Nevada Desert Experience

Ich war vor der Jahrtausendwende der Leiter (Generalminister) meines Ordens. Bei den zahlreichen Reisen in die Vereinigten Staaten von Nordamerika lernte ich in Kalifornien und Nevada eine Bewegung kennen, die sich „Nevada Desert Experience“ nennt. Im franziskanischen Gedenkjahr 1981/82 war sie von Schwestern und Brüdern aus dem Westen der Vereinigten Staaten ins Leben gerufen worden. Sie lasst sich inspirieren von der Erzählung von der angeblichen Begegnung des Franziskus mit dem Wolf von Gubbio (Fioretti 21), das heißt einer Parabel von der Zähmung und Eindämmung von zerstörerischer Gewalt durch Verzicht auf Gegengewalt und vom aktiven Einsatz für Gerechtigkeit, Frieden und Bewahrung der Schöpfung, in der Spiritualität der Seligpreisungen. Der Schauplatz der „Experience“, die bis heute viele Menschen an sich zieht, ist die Wüste von Nevada unweit von Las Vegas. Dort werden seit Jahrzehnten die jeweils neuesten Waffensysteme hergestellt und erprobt, mit großen Schaden für die Bewohner und die Umwelt. Verschiedene Male nahm ich an den Mahnwachen und Liturgien teil, die regelmäßig auf dem Testgelände gehalten werden.
Nevada ist ein Land, das ursprünglich den Ureinwohnern der Shoshonen gehörte. Es gibt sogar einen Vertrag von 1863, in dem die USA dieses Besitzrecht anerkennen. Der Stamm erhebt bis heute darauf einen legitimen Besitzanspruch. Sie bezeichnen es in ihrer Sprache als „Mutter Erde“. Es ist für sie heiliger Boden.
Die Wüste ist wild und schon. Der Boden ist bedeckt mit vielen Pflanzen, Kakteen, Moos, Aloe, Salbei und vielen anderen aromatisch riechenden Sträuchern.
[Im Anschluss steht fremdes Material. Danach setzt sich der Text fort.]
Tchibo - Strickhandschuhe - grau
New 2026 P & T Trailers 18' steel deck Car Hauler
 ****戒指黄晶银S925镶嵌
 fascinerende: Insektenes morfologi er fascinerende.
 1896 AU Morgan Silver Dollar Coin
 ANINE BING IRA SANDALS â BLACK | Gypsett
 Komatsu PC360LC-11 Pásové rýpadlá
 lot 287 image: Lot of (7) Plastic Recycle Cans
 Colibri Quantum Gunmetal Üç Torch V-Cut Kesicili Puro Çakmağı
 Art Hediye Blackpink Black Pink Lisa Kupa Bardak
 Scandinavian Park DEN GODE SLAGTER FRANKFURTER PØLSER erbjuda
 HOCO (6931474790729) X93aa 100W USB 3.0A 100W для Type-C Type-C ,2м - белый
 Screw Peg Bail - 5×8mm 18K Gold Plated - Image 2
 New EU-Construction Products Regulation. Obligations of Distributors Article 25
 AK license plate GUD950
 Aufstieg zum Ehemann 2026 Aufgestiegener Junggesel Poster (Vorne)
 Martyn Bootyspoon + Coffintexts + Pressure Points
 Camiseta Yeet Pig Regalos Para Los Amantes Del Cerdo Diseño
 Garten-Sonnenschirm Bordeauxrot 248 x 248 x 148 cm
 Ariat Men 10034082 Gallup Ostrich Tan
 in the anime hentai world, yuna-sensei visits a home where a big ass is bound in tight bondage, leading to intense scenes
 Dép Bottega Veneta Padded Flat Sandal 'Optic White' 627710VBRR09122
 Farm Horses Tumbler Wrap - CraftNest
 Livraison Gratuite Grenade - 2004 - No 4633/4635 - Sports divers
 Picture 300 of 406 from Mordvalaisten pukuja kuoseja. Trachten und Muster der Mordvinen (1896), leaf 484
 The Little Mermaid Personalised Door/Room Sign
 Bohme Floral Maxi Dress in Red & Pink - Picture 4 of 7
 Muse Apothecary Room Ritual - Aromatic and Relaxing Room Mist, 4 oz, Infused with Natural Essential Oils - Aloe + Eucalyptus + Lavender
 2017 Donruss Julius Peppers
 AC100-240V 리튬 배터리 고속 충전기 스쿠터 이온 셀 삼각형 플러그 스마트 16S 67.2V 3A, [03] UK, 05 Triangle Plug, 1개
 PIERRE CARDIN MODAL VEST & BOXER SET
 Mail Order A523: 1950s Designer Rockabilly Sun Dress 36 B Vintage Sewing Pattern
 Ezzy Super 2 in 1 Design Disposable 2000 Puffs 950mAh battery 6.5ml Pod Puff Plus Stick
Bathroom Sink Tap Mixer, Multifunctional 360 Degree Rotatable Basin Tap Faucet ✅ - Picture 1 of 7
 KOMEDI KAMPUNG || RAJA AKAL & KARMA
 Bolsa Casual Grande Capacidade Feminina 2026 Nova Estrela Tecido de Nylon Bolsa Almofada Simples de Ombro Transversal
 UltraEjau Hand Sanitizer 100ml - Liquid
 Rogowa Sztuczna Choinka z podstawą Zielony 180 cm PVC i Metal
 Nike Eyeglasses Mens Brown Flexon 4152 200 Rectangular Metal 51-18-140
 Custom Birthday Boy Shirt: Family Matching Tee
Eine Kaktusart blüht nur in der Nacht. Dazu tummeln sich dort viele Tiere: Coyoten, Fuchse, Reptilien, Kaninchen. Schwester Wasser ist in dieser Gegend unberechenbar. Es gibt zahlreiche unterirdische Quellen und Flüsse. Wenn es nach langen Trockenperioden einmal regnet, kommt es rasch zu großen Überschwemmungen. Die Shoshonen betrachten alles als ein Geschenk, das Land, die Luft, das Wasser, die Pflanzen und die Tiere. Sie verstehen nicht, wie man der Umwelt etwas antun kann.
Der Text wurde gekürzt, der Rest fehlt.